The SL, or steam locomotive Hitoyoshi (人吉) had been running within Kyushu for a 100 years and left a remarkable impact on the history of pre-modern transportation.

In 2009, the SL Hitoyoshi was revived and started running between Kumamoto (熊本) and Hitoyoshi Station. The landscape along Kuma River (球磨川) is amazing and passengers enjoyed watching the view. Unfortunately, Hitoyoshi Station was hit by heavy rain and was forced to close temporarily in 2021. For that reason, SL Hitoyoshi ended up running on a different route between Kumamoto and Tosu (鳥栖) Station. However, this popular locomotive will be retired from work in March of 2024.

I would like to say thank you and great job!

Hitoyoshi Station

SL Hitoyoshi

The Mooka (真岡) Railway runs between Shimodate (下館) Station in Ibaraki and Motegi (茂木) Station in Tochigi. They offer a steam locomotive running on limited weekends and national holidays. However, you might want to get a ticket beforehand because the SL Mooka is extremely popular among railroad fans.

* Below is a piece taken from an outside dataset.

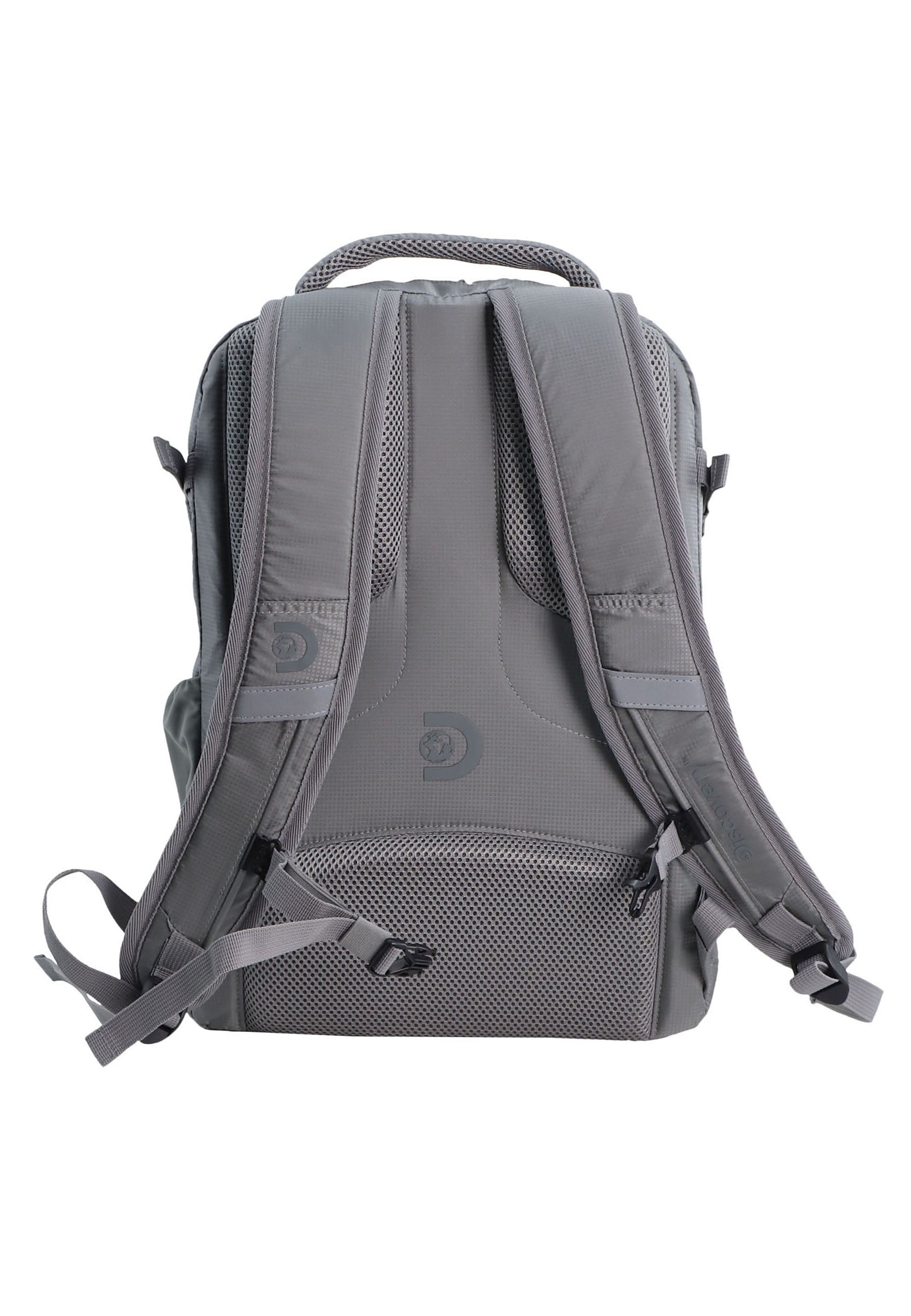 Discovery Outdoor Backpack / School Backpack - D00612 Grey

Mooka Station was designed after steam locomotives and has many facilities for tourists to use such as restaurants, rest spaces, and rental cycle shop. There is also a rail yard and SL museum by the station for people to enjoy.

Mooka Station

SL Mooka

If you are interested in steam locomotives, why don’t you visit the Kyoto Railway Museum? They exhibit a variety of trains and offer educational events guided by the museum staff. You will learn a lot about railway culture and history in Japan.

Kyoto Railway Museum

Kyoto Railway Museum website

Enjoy flower viewing from the train window?

Spring in Japan means cherry blossom season. Here are some railways that you can enjoy some flower viewing from.

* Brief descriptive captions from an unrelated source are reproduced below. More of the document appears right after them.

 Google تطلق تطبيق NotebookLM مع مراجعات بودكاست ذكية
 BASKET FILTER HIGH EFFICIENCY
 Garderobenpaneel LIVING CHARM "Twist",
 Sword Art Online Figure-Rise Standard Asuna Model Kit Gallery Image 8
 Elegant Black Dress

There are two railways: Kominato Railway (小湊鐵道) and Isumi Railway (いすみ鉄道) in Chiba which run in the center of the prefecture. The Kominato railway runs between JR Goi (五井) Station and Kazusa-Nakano (上総中野) Station and the Isumi railway continues on from Kazusa-Nakano to Ohara (大原) Station. Both of them are local train lines, but the rural landscape from the window is really majestic. A combination of cherry blossoms and canola flowers creates a beautiful atmosphere that attracts people and takes them back to the days of their rural Japanese hometown.

Route Map of Kominato and Isumi Railways

Kominato Railway

Isumi Railway

Now, let’s return back to the previously mentioned routes. Watarase Keikoku Railway runs between Kiryu City in Gunma and Nikko City in Tochigi. Passing through the Watarase Valley, it provides passengers with a great view anytime of the year. Moreover, the peach blossoms in full bloom during spring are particularly impressive. There are a few more noteworthy things that you can see: fresh leaves, cherry blossoms, and autumn leaves depending on the season.

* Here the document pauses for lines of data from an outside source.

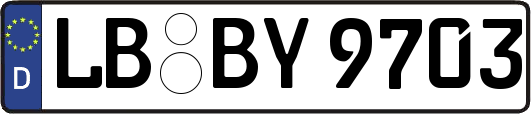 LB-BY9703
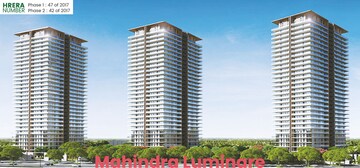 4 BHK Apartment For Resale in Mahindra Luminare Sector 59 Gurgaon  6660212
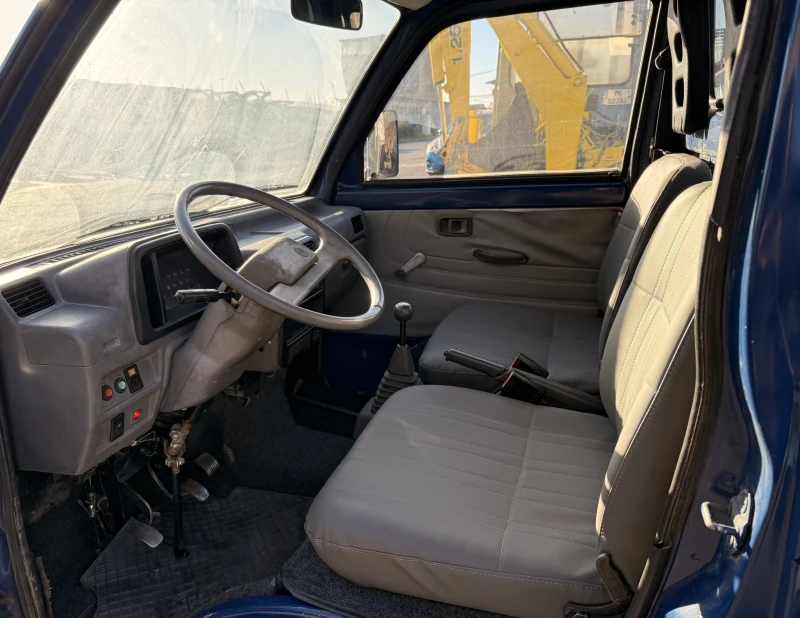 Piaggio Porter 1.3d САМОСВАЛ, снимка 6 - Бусове и автобуси - 52844602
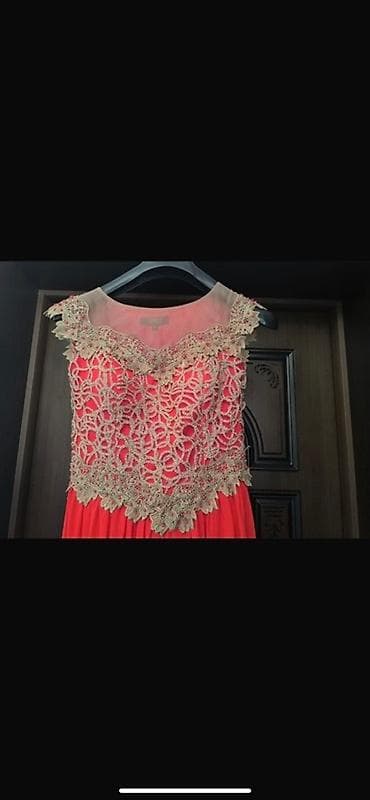 cicekli don: Ziyafət donu, Maksi, X-Lady, M — 2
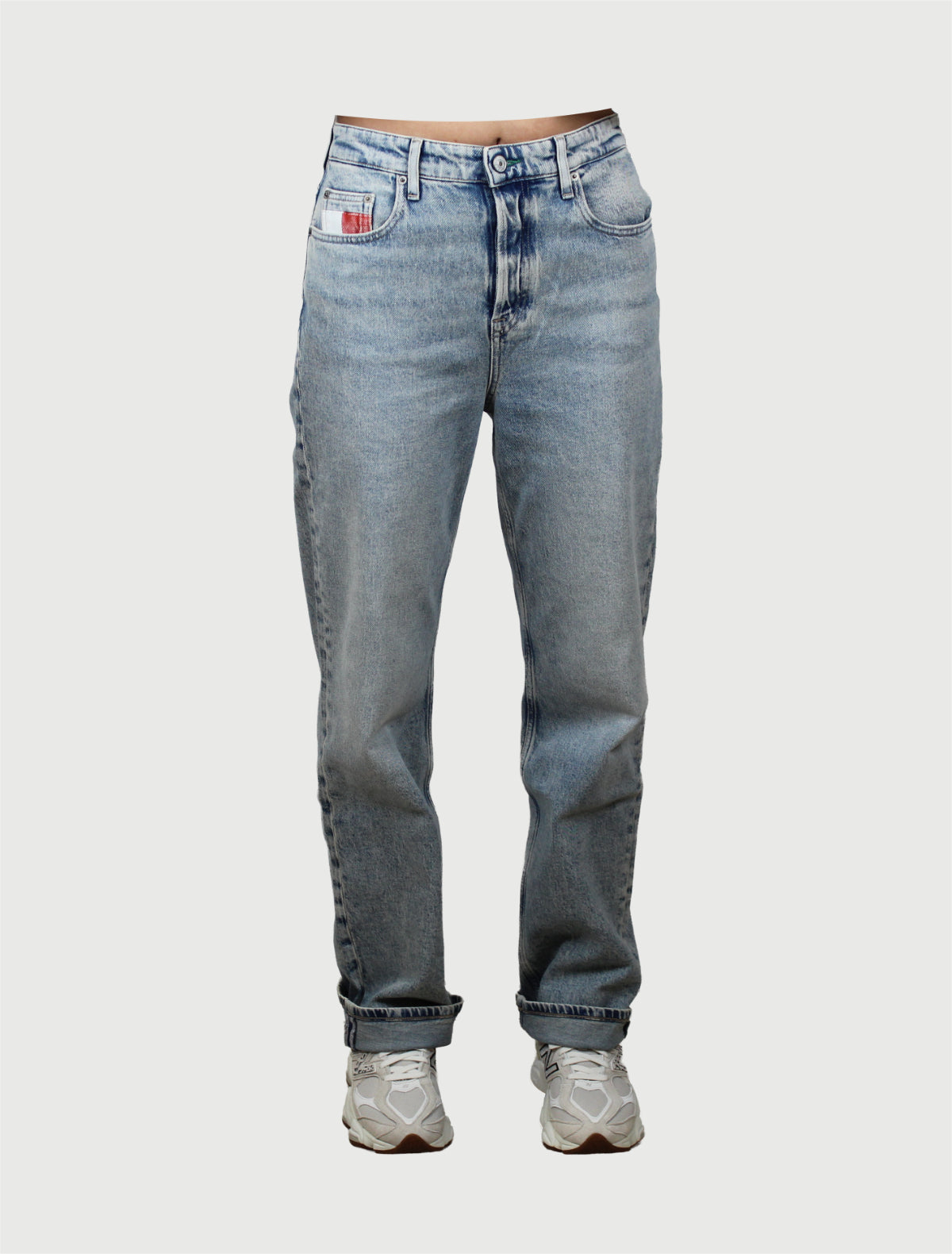 Tommy Jeans Layla Slim Denim Light-2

The View from Season to Season at Watarase Keikoku Railway

From  North to South: Your Last Stop

Our trip is coming to an end. Lastly, I’ll introduce the farthest train stations in the country.

Northernmost station is Wakkanai (稚内) Station in Hokkaido. The station faces the Sea of Japan on the westside and the Sea of Okhotsk to the east.

The railway is operated by JR Soya Main Line (宗谷本線) and begins at Asahikawa (旭川) Station in the center of Hokkaido and reaches to Wakkanai Station. The great scenery that jumps into your eyes tells you about the beauty of short summers and the harshness of winter.

Northernmost Wakkanai Station

The train running in summer and winter

On the contrary, southernmost station is Nishioyama (西大山) Station which is located in Kagoshima. It’s operated by the JR Kyushu Ibusuki Makurazaki (指宿枕崎) Line. The area is famous for its hot spring and the climate is mild throughout the year. Standing tall, Mt. Kaimon looks absolutely beautiful. Would you like to take a slow trip to this area?

Southernmost  Nishioyama Station

If you have a chance, please check out Part 1.


Thank you for taking my tour of visiting some unique stations. Did you find anything interesting? I urge you to have a closer look at each station, and you might find some surprising point that is hidden away. Then, it’s about time to depart. Have a nice trip!